SPECTOR’S NOTE: Congratulations to both men for their well-deserved recognition and honors.

NATIONAL POST: The CHL has announced it will start banning European goaltenders in next year’s entry draft.

SPECTOR’S NOTE: The move is supposedly being done to allow Canadian-born goalies more opportunities to make it in the CHL. I believe it’s an excuse to wallow in xenophobia. Shame on the CHL.

4 Comments

  1. i rarely disagree spec but i have to in this case, its not really unusual for countries to prioritize their own youth. dont know for certain but i think russia, sweden and finland (perhaps among others) do something similar. like i said i coud be wrong. if an irrational fear of foreigners was the cause then wouldnt all euros be banned? the meaning of xenophobia seems to continue to widen :p

    • I also agree with you. As Canadians, we are the ones that (mostly) pay for for the Canadian Hockey League to exist by buying tickets, merchandise, etc. I don’t think its unreasonable to reserve some roster spots for Canadian kids. Especially when goaltending spots come at a premium and this is a position we are currently lacking at internationally.

      I also have no problem with different officiating standards from the regualr season to the playoffs. Do I want consistency from game to game? Sure. But I also don’t want to see cheap penalty calls every 30 seconds, scores resembling 80s firewagon hockey and games/series determined by who is better at drawing penalties and scoring with the man advantage.

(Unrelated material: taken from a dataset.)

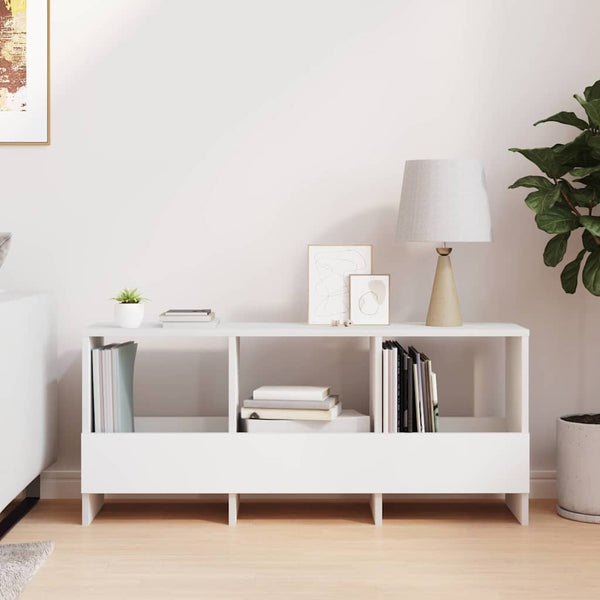 Weißes Magazinregal 102x30x45 cm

  2. My favourite Harry Neale line came when he was coach of the then-hapless Vancouver Canucks:
    “We’re terrible at home and we can’t win on the road. We’re running out of places to play.”
    You’re the best, Harry. Congratulations.

  3. The NHL is the only pro sports league that relaxes its standards for officiating in the post season. This “let them play” mentality is asinine. Can you imagine NBA announcers lamenting about a call that wasn’t made, but would of been had it occurred in a regular season game? Or how about a wide receiver in the NFL who gets held up trying to make a reception, but the officials turn a deliberate blind eye for fear that their call might impact the outcome of the game? Everyone seems to bemoan the “puck over glass” penalty, but think of where we’d be without it. I guarantee that the officials, in an effort to preserve the integrity of competition, would not call a large majority of the infractions we’ve witnessed his year, if the decision was left solely to them. If the NHL took a stand and enforced the rules to the letter of the law, from the beginning of the regular season until the Stanley Cup is awarded, there would be no more grey areas, and less inconsistency. Players would adapt. They would have to. Sure there would be a learning curve, that’s to be expected, but come play-off time there would be no steady parade to the penalty box for marginal infractions, and games wouldn’t be won and lost based on numerous powerplay opportunities because the players should be well aware by then of what is and isn’t a penalty.